When first introduced, the ban caused open defiance, but offenders were publicly “named and shamed” by the government to deter other would-be smugglers.
Origins: In his memoirs, former Singaporean prime minister Lee Kuan Yew recounted that as early as 1983, chewing gum was causing serious maintenance problems in high-rise public housing. Vandals had been disposing of spent gum in mailboxes, inside keyholes and on elevator buttons. Chewing gum left on floors, stairways, buses and pavements in public areas increased the cost of cleaning and damaged cleaning equipment. However, Lee thought that a ban would be too drastic and did not take action.

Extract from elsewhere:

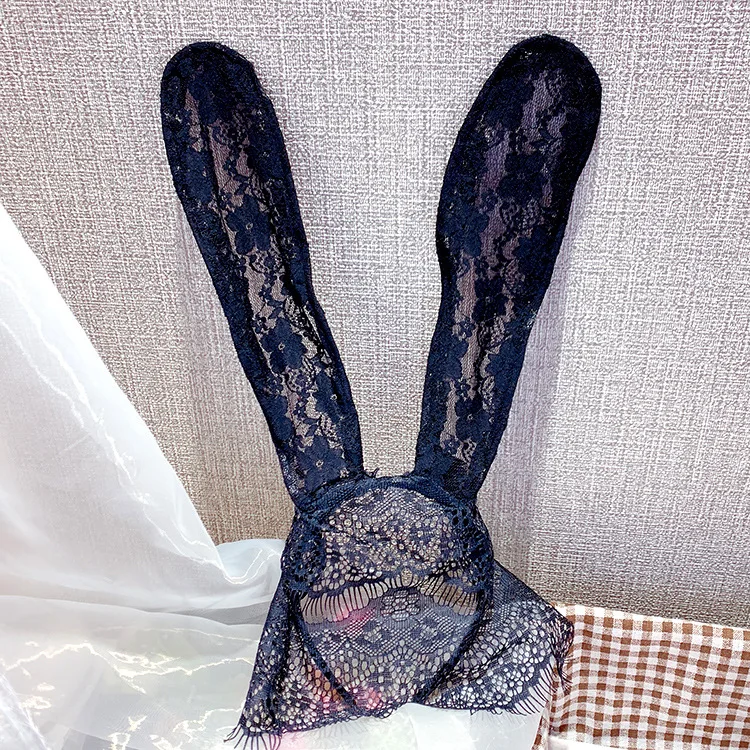 12 шт./лот Леди Гага чёрный Банни для девочек кружевная Фата глаз маски повязки на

In 1987, vandals stuck chewing gum on the door sensors in a new $5 billion metro system. The doors malfunctioned, causing disruption of train services.
In January 1992, Prime Minister Goh Chok Tong decided on a flat-out ban. The import of chewing gum was immediately halted, but a reasonable transition period was given to allow shops to clear their existing stocks.
Yes, this really happened.
21
Morning came. Fucking hell. My feet were cheese-gratered and bloody from a night spent rehearsing the appalling routine in which little Billy lugs his twinkle-toes up and down the bricks of some failure-filled housing estate, which is, in the film, conveniently devoid of crack ampoules, used condoms and surgically licked-clean crisp packets.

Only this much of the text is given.